WHAT IS EXPECTED - Where does the string "have" appear in the records? Copy each line that holds it.

━━━ RECORD EXCERPTS ━━━

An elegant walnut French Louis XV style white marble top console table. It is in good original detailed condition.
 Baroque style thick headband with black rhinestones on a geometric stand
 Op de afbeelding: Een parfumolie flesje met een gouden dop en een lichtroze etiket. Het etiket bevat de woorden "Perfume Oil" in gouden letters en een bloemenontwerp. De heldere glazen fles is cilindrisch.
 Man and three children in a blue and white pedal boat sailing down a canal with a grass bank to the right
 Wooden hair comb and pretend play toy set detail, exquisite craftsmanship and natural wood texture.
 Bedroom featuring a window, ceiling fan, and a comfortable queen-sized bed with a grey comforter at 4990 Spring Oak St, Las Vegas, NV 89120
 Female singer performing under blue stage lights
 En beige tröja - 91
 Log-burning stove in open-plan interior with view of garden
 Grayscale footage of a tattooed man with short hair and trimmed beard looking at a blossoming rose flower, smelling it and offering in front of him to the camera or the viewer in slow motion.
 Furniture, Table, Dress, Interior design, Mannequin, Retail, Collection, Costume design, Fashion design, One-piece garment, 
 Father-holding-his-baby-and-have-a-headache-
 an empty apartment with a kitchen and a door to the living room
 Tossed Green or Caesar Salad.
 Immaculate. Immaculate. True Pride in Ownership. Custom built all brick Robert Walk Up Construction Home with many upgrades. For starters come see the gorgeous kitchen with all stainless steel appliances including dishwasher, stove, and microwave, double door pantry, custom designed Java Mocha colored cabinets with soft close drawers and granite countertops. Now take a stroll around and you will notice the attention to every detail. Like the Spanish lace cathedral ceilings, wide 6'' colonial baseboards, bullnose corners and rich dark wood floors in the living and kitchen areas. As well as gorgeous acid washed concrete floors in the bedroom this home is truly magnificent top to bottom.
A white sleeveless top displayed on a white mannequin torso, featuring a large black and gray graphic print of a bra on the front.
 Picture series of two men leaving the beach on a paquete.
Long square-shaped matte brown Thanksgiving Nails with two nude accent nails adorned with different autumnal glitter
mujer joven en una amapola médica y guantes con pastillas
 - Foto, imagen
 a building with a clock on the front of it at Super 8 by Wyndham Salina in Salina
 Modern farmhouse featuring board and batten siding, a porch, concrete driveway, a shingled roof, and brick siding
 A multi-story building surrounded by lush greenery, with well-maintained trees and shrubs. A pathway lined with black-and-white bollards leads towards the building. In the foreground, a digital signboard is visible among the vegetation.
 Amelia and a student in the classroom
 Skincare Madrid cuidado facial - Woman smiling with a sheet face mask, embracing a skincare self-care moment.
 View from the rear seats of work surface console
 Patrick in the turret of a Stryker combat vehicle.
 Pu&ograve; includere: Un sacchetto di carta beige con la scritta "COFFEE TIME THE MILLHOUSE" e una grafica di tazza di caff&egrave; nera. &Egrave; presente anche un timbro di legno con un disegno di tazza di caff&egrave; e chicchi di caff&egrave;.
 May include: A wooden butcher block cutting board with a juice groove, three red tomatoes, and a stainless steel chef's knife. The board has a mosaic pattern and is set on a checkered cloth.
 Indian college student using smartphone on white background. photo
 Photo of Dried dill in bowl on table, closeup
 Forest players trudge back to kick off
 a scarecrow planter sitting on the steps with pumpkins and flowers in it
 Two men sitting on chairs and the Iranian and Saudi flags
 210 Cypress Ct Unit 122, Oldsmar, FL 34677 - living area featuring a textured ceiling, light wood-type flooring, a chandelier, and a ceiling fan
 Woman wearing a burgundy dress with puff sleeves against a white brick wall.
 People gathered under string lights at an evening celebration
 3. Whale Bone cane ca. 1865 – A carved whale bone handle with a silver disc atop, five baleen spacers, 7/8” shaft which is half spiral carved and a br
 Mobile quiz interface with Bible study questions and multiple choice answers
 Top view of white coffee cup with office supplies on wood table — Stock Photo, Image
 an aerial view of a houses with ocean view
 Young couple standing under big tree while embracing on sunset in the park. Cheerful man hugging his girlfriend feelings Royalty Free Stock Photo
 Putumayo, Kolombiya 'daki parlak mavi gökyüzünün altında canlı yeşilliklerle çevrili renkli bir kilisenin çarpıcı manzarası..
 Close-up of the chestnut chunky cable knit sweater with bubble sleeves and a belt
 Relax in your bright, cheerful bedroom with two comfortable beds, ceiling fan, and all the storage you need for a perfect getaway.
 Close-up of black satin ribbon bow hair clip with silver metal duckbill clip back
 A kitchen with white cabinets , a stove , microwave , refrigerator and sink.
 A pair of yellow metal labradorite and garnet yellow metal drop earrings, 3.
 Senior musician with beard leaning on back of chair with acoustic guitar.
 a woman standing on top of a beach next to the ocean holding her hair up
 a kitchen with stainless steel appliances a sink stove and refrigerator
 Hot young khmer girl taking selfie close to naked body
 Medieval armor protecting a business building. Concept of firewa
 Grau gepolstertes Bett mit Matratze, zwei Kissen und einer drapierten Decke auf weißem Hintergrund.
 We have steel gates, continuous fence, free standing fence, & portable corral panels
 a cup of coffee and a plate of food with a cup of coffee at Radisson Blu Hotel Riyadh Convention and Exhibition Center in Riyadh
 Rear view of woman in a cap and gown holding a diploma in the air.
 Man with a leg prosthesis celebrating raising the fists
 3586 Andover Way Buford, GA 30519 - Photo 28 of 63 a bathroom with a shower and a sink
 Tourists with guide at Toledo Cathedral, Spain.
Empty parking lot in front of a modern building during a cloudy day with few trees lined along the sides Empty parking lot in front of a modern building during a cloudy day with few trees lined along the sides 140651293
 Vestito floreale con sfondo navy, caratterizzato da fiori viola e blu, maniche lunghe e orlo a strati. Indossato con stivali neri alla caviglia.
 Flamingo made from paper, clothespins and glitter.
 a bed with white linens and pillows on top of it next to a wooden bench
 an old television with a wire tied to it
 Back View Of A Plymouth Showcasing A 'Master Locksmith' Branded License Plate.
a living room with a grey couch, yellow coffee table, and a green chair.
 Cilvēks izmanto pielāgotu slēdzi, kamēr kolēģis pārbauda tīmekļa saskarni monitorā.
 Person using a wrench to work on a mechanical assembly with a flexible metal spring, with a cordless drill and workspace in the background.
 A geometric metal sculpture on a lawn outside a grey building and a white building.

━━━

EXPECTED OUTPUT -
 Father-holding-his-baby-and-have-a-headache-
 We have steel gates, continuous fence, free standing fence, & portable corral panels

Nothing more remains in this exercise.